2016 — 7 September: Wednesday

The second mistake my Indian-accented chum "Ollie"1 made this morning was to flat out refuse to tell me my IP address, asserting in a gabble that "it didn't matter". His first, of course, was in accusing my "Windows computer" of sending out a string of error messages... Perhaps I should offer Conservapedia an article on the topic to assist them in shedding light further afield?

I have a lunch date, before which I ought probably to do a little bit of cupboard filling to help out Mother Hubbard. With the latest pension safely tucked away I can now branch out a little beyond last night's slightly-mouldy "Luxury Summer Berry Compote". But certainly not before breakfast. I also find I send out a string of error messages until at least the second cuppa...

I suspect...

... the writers here have a subtly-different understanding of "entropic" from mine. Source and snippet:

Today, so-called knowledge work is typically not undertaken while tucked in among cabinets jammed with gems and bronze figurines. Indeed the studiolo, with its hodgepodges and focus on contemplative individuality seems to represent the antithesis of the modern, inspired workspace with its emphasis on worker interchangeability and buzzy, almost entropic collaboration...
The office as a cyberized version of Hotel California: You can clock-in anytime you like but you can never clock-out.

Miya Tokumitsu and Joeri Merijn Mol in New Republic


Still, it's good to know I have unwittingly turned my living room here in Technology Towers into a Renaissance studiolo. My latest 'sculpture' therein being something I've been on the lookout for ever since first reading about one in the back pages of (I rather suspect) a copy of "Superman's pal, Jimmy Olsen" in the very early 1960s!

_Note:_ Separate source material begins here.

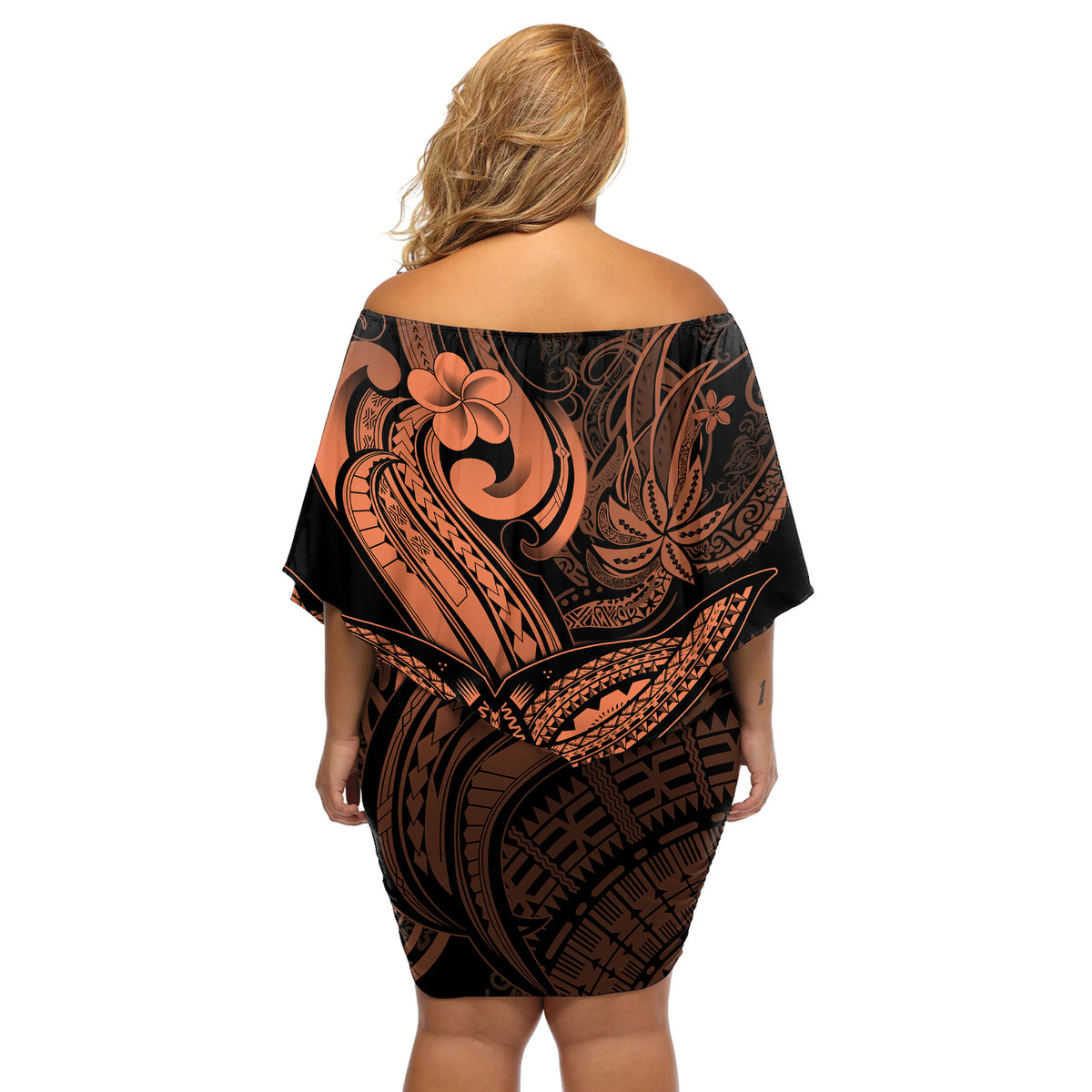 Polynesia Off Shoulder Short Dress Whale Tale and Polynesian Sunset Plumeria Gold - Wonder Print Shop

Martin Raynsford's laser cutter enables him to offer a wonderful little wooden box — the Useless Machine 2.0:

Useless Machine 2.0

When you switch it "On" the lid opens, and a probe pops out that flicks it straight back to "Off". It occurs to me that a failing PC manages an analogous modus operandi, I grant you, but with considerably less grace. And a great deal more angst.

Aside to Christa

What better use for a surplus bit of mains cable than to use it to replace the simple clothesline arrangement in the vicinity of Shed #1? (Which, notice, sports a nice new felt roof.)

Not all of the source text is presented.